Loading multiple versions of react sometimes breaks your project. Here is a jsfiddle example If you can run the example and inspect the console, you can see react is loaded with 16.0.8 and 16.13.1

So, currently cdn's load the latest version by default. Here is a unpkg link of @material-ui/core@4.11.0. You can see the peerDeependency of react is 16.8.0. But when loaded from cdn, it loads 16.13.1. Cdn link --> https://cdn.skypack.dev/-/antd@v4.6.1-chaSqPebG9J1riQcD3Q8/dist=es2020/antd.js

And, from the jsfiddle example we can understand that, there is a unspoken vendor effect. Right now, we have jspm and skypack and each have their own approaches in solving these issues. So, when you project is loading from multiple vendors, make sure you are not running into problems like these. Or they have the potential to break the application.

Then why we don't run into issues like this with our projects when build locally ?

Yes, it's completly logically to think in that way. Then we need to look at how the bundlers work in more details below.

Traditional Bundlers

The main source of truth for bundlers is node_modules. So, in most of the cases they don't care about where the dependency is mentioned (deps, peerDeps, devDeps). As we run

npm install

which installs both dependencies and decDependencies

They just check the package and load it from node_modules at the time of bundling. Here is a issues https://github.com/saleehk/lowdb-google-cloud-storage-adapter/issues/1 which expains it more clearly.

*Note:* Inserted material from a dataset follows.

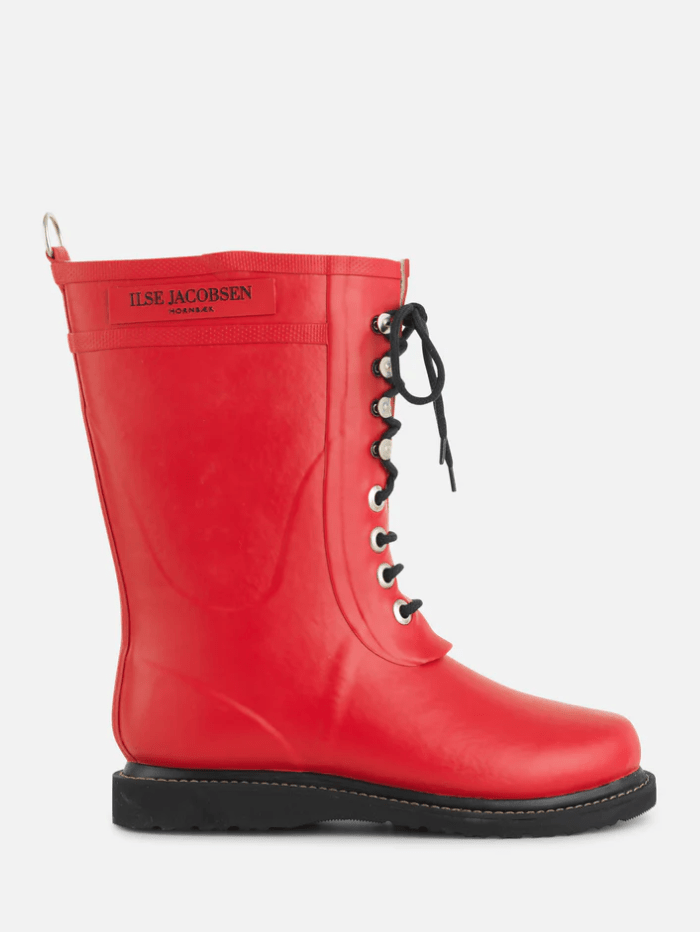 Ilse-Jacobsen-Medium-Length-Rubber-Lace-Up-Wellington-Boots-Deep-Red RUB 15 303 izzi-of-baslow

If you check the PR, i was mentioning to move babel-polyfill from devDependency to peerDependency or dependency. Because, if we look at the code The package is being used, but when checked in pacakge.json it is present under devDependencies https://github.com/saleehk/lowdb-google-cloud-storage-adapter/blob/master/package.json#L17

So, if any x package from your project uses babel-polyfill then during npm install this is resolved. And the bundlers don't throw any error, since all they care if babel-polyfill is in node_modules.But when you using it in project where no other package loads babel-polyfill, this does breaks your build. As, babel-polyfill is not resolved during installation.

The Future !!

I persoanlly like approach that deno has taken. Betting on esmodules is the future i am looking forward.

  • Loading code from any source and not relying on node_modules or some CDN service to do the heavy lifting of transpilation for us.
  • Or waiting for a package author to provide a format that we want to load.
  • Loading only a specific module from a specific pacakge using export maps, gives us tree-shaking out of the box. Yes, the bundlers which we use gives us the tree-shaking support but it has it's limitations.

And i am excited about the jspm version 3 release.

If anyone is looking for a package, which follows all these standards and can serve as a good learning point. Please check preact

Conclusion

To have a quick solution for solving the above issues, the best way is have a hybrid version of cdn.

  • Transpile the pacakges to esm
  • Bundle it with dependencies and peerDependencies. So, we are not dynamically relying on anything or any change in sub-packages etc.

Initial iteration of the hybrid version of cdn-packer teleport-registry-packer

I would highly recomend to watch the talk by @guybedford in youtube, where he explains about the future vision of package managers and upcoming releases for jspm.